Por isso, o minimalismo de Sang-Soo não seria algo pueril do tipo bem-intencionado; antes um cinema da gentileza informal. Irremediavelmente a favor da abertura para o presente, A Traveler's Needs, embora mantenha uma convicção diante de suas próprias intenções, ao mesmo tempo se revela modesto em suas inseguranças particulares. A fragilidade contida no questionamento final de Huppert, proposto como o resultado de uma busca, parece direcionar-se ao próprio espectador. Ainda estaria ele disposto a se abrir para o imediatismo concreto do exercício de Hong Sang-soo, apesar das condições estabelecidas e assumidas pelo próprio diretor?
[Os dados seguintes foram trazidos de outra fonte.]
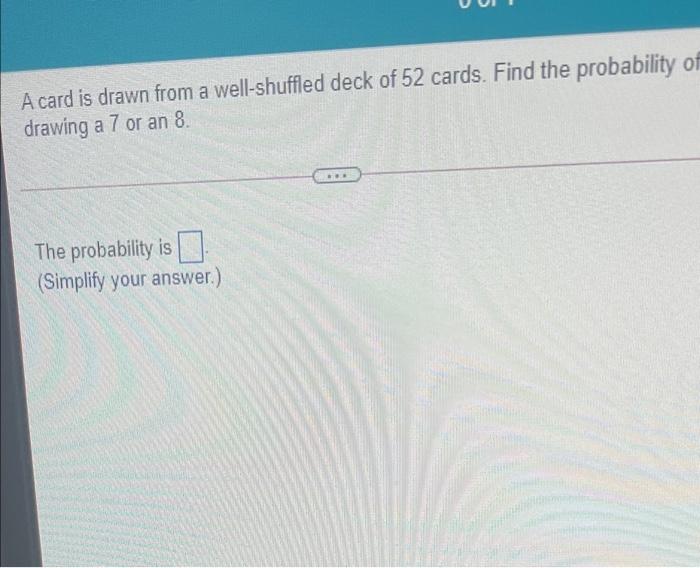 Solved A Card Is Drawn From A Well-shuffled Deck Of 52 | Chegg.com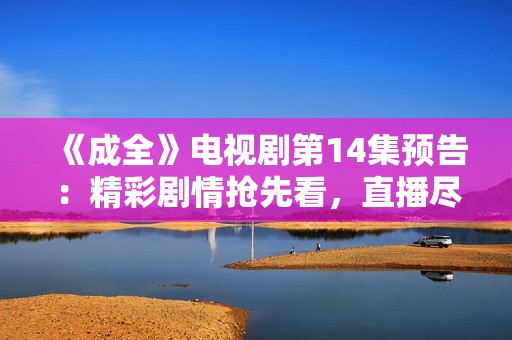 《成全》电视剧第14集预告：精彩剧情抢先看，直播尽在眼前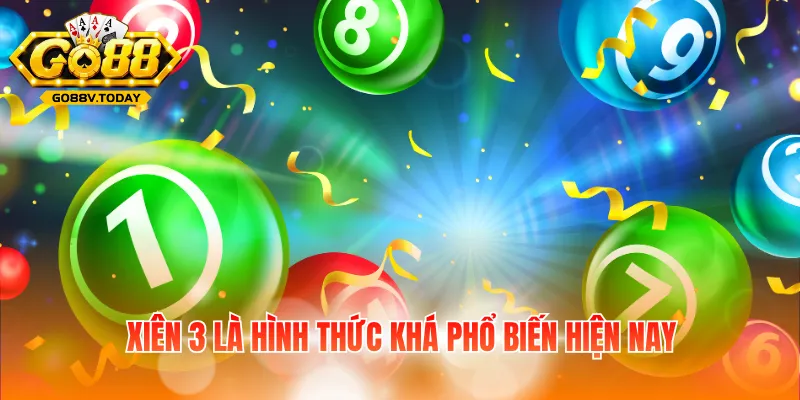 Xiên 3 là hình thức khá phổ biến hiện nay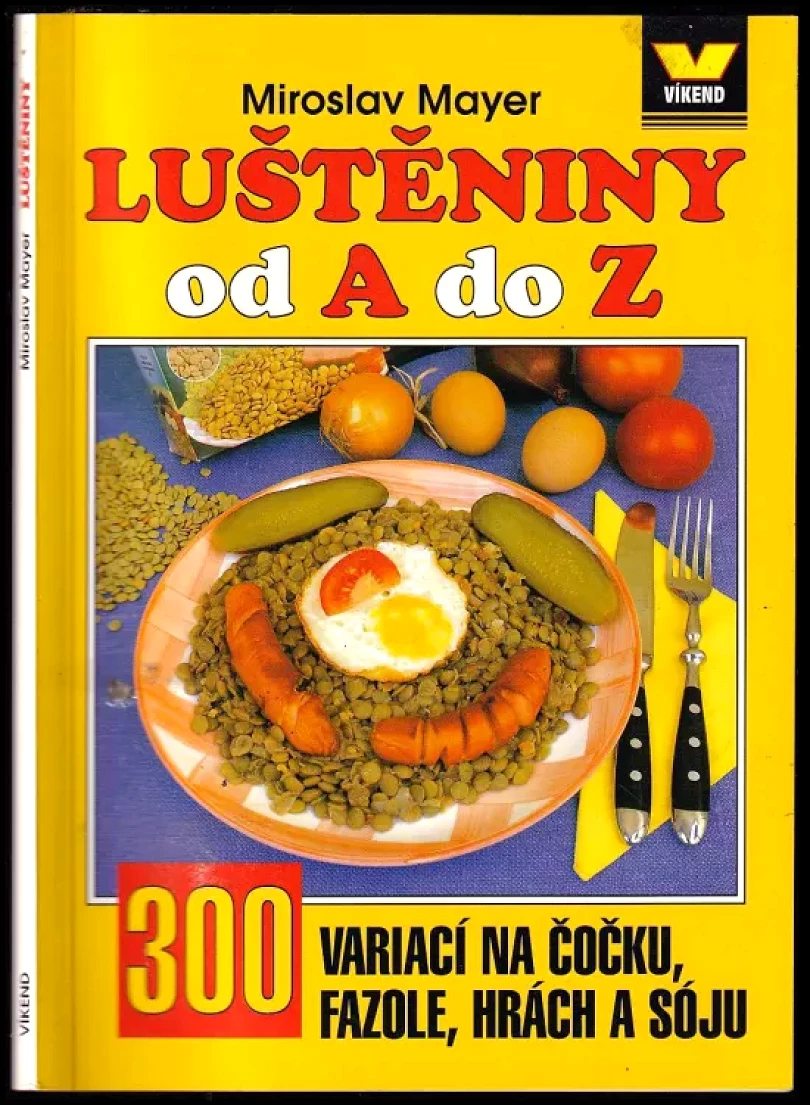 Levně Luštěniny od A do Z (Miroslav Mayer, 2000)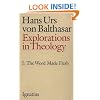 Explorations in Theology, Vol. 1: The Word Made Flesh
Após o elogiadíssimo documentário “La memoria infinita” (2023), a diretora chilena Maite Alberdi fez a sua estreia na ficção com No Lugar da Outra (“En lugar de la otra”, Chile, 2024), um crime-flick produzido pela Netflix.
A perspectiva de No Lugar da Outra foge do esquema usual dos filmes baseados em crimes reais. Seu conceito, de certa maneira, remete à famosa tese de Virginia Woolf sobre as condições básicas para uma mulher se tornar escritora (um teto todo seu, livre de interrupções, alheamento e desatenções, com tempo suficiente para se dedicar à escrita). No caso da protagonista interpretada por Elisa Zulueta, o exercício de criação se dá perante sua própria identidade e papel social, baseando-se literalmente na vida da célebre romancista María Carolina Geel (Francisca Lewin). Esta, por sua vez, acaba por encontrar “um teto todo seu” ao descobrir que a liberdade é capaz de transcender o cerceamento espacial.
Pena a direção de Maite Alberdi ser tão dependente das descrições e pouco autônoma nas idealizações, tornando a projeção da protagonista numa fábula anti-doméstica incapaz de ceder aos moldes para se agarrar à curiosidade pelo novo. O resultado fica aquém da personagem, dando um ar frívolo aos seus desejos. Ainda assim, Alberdi se mantém fiel ao seu ponto de vista até o fim.